I appreciate the responses so far but my SIL and I are both on the same page as this. She has told her boyfriends mom not to hold him all day as she herself cant hold him all day. I will admit some of these responses are quit harsh. I worked in a daycare center and I know for a fact no one there is going to be able to hold him ALL day. My SIL agrees with me on this as well. This is not her first child as she has 2 older children as well.
He is also only in the playpen with the door shut when I get too frustrated with this. We understand this is a phase and we are both working on getting him out of it. Which is why I asked this question. I will take all comments and will be letting me SIL know what has been said also.

I have and do tell her when he has a horrible day and she does call and check on him thru out the day.This has also been discussed with his doctor and nothing has been found.

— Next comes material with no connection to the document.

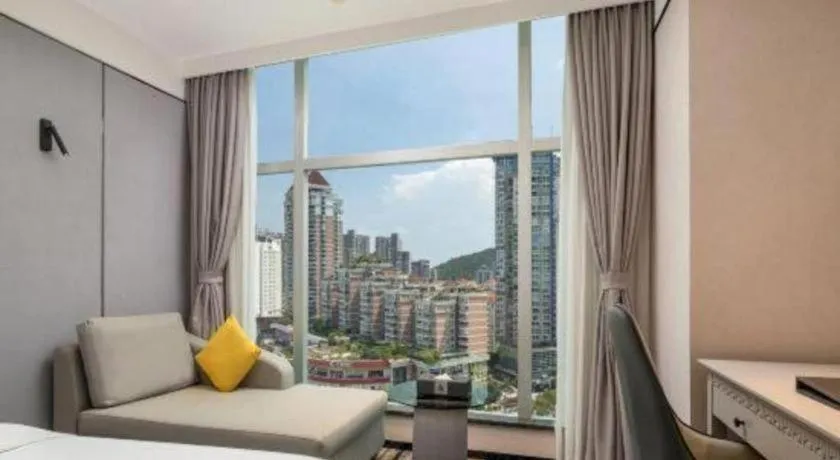 Bed in Zhuhai Dehan Hotel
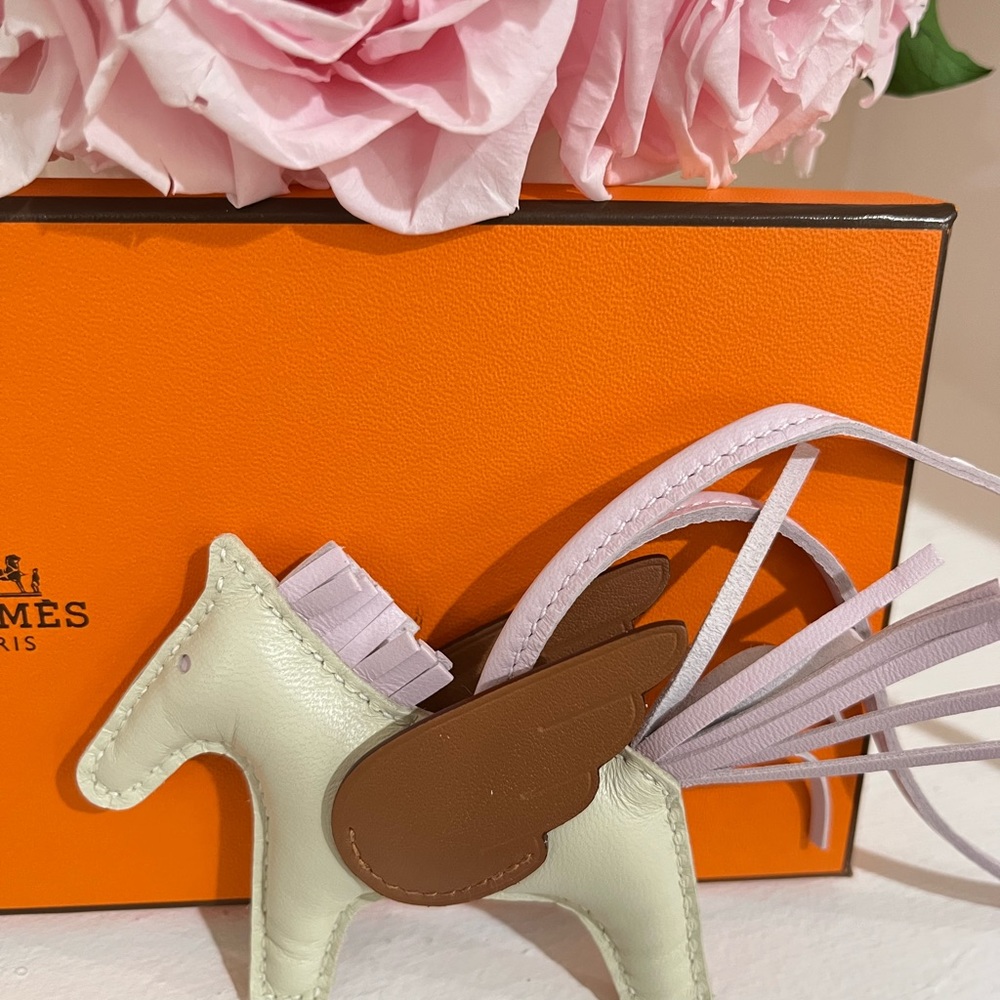 HERMES Pegase Rodeo PM Charm Pegasus Mauve Craie Sesame Rare! New!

BTW...for all the ones telling me to attend to him and play with him......this is going to come across rude but im being blunt........ I have been raising and am raising my own 2 children ages 10 and 5. I FULLY UNDERSTAND HOW TO ENGAGE A 9 MONTH OLD..I AM NOT SITTING ON MY BUTT EATING BON BONS ALL DAY AND EXPECTING HIM TO PLAY BY HIMSELF AND KEEP HIMSELF ENTERTAINED......YOU GUYS CAN GIVE ME SOME CREDIT HERE NOW COME ON!!!!!!!!!!!!!! I asked for some advice on how to handle the constant crying not how to raise or get the 3rd degree on supposedly leaving a 9 month old to his own.......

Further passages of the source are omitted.